Toyota slashes profit forecast as US tariffs surge

Japanese Auto Titans Reassess 2025 Outlook Amid US Tariff Uncertainty
Toyota Cuts 2025 Net Profit Forecast by 14%
- Projected Net Profit – ¥2.66 trillion (≈$18.06 billion) versus ¥3.10 trillion last forecast.
- Primary Drivers – US tariffs, underlying operational income decline.
- Market Impact – Shares dipped 2.4 % in Tokyo before recovering.
STAGE OF US‑Japan Trade Deal
- April 2024 – Trump imposed a 25 % levy on Japanese car imports.
- July 2025 – Tokyo–Washington announced a tariff drop to 15 %.
- Key Questions – When will the reduced rate take effect? Will the tariff cap stay at 15 % or stack on the pre‑Trump levy?
- Existing 2.5 % import tariff means the current total sits at 27.5 %.
Other Japanese Automakers Respond
- Honda – Net profit halved in Q1 due to tariffs, though it upgraded its annual forecast after the US‑Japan deal.
- First‑quarter net profit – ¥196.67 billion (+50.2 % YoY decline).

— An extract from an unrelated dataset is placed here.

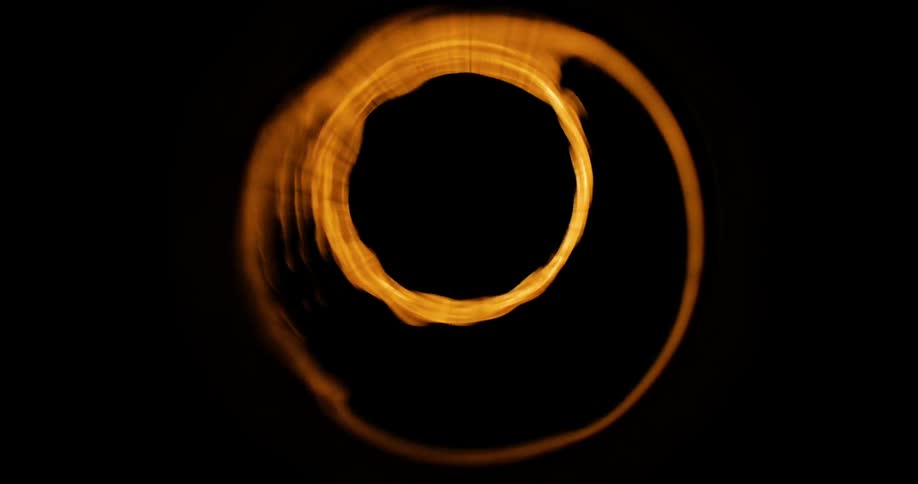 Closeup of a cylindrical beam of light amidst a shadow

- Revenue – ¥5.34 trillion (−1.2 % YoY).
- Competitive Edge – >60 % of US sales are produced in the U.S., the highest among Japanese automakers.
- Nissan – Posted a net loss of ¥116 billion (≈$784 million) in Q1; it is cutting jobs and closing factories.
- BMW – Maintained 2025 targets despite a one‑third drop in quarterly profits; its large American operations helped buffer the tariff hit.
- Volkswagen & Mercedes‑Benz – Slashed outlooks due to Trump’s hard‑ball trade policy fallout.
- Ford – Forecasted a $2 billion full‑year earnings hit from the levies.
Key Takeaway
Japan’s largest automakers are recalibrating 2025 profit forecasts as the U.S. tariff landscape evolves. While some firms are upgrading outlooks after the trade deal, others are tightening predictions, reflecting the continued volatility of U.S. import tariffs and their ripple effect across the global auto industry.